■ TASK TO COMPLETE ■
Transcribe, starting at the line with "Grosse Ile North" and ending at the line with "オレンジピールのパウンドケーキ-レシピのメイン写真", every line of the material below exactly, but leave out the pictures and anything outside that span.

■ SOURCE DATA ■
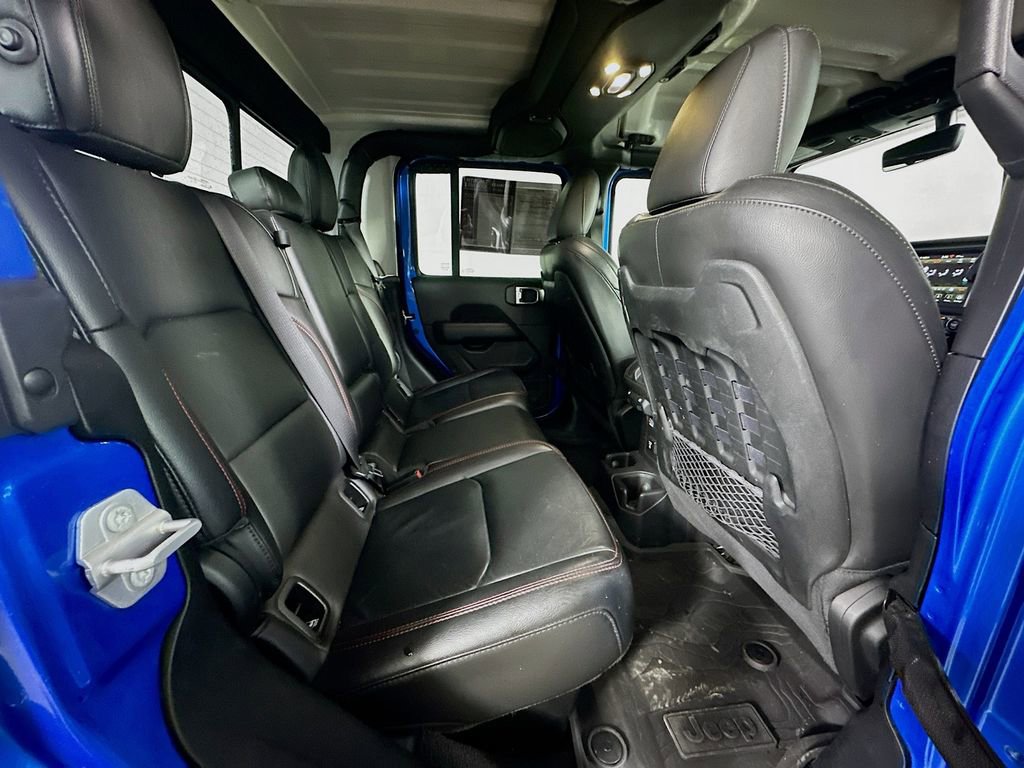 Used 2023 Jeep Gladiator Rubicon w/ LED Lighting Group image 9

* * *

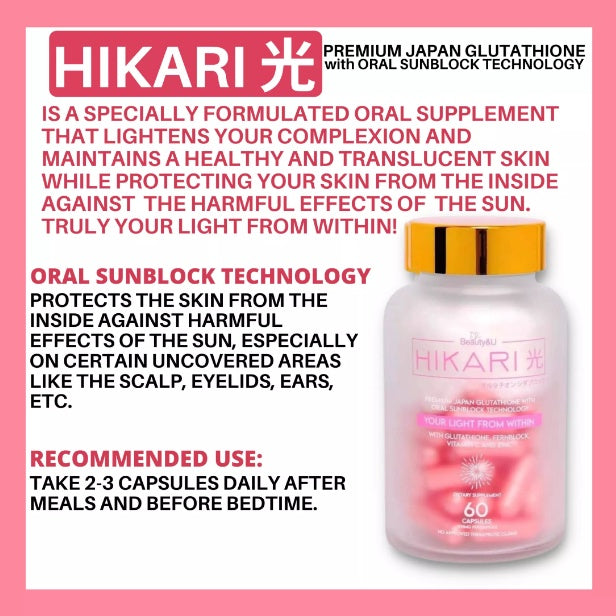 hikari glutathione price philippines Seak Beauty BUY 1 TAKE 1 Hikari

...

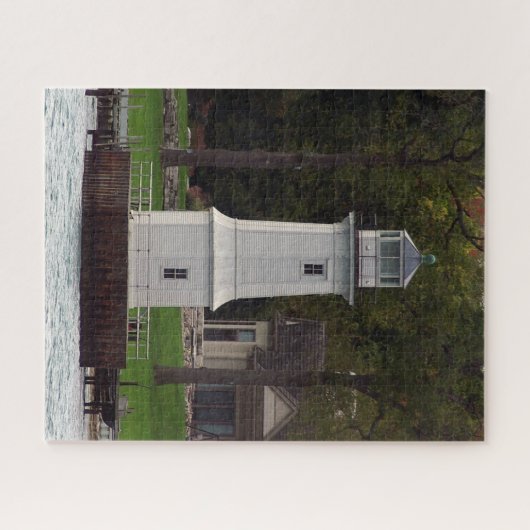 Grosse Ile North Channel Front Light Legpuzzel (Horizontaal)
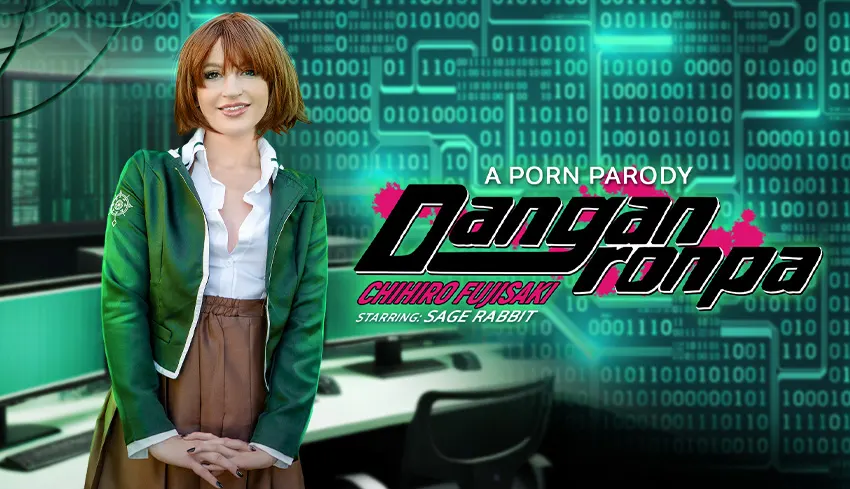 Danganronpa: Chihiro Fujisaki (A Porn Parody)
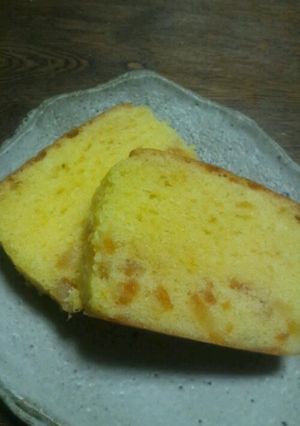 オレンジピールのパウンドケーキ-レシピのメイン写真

■ WORKED SOLUTION ■
 Grosse Ile North Channel Front Light Legpuzzel (Horizontaal)
 Danganronpa: Chihiro Fujisaki (A Porn Parody)
 オレンジピールのパウンドケーキ-レシピのメイン写真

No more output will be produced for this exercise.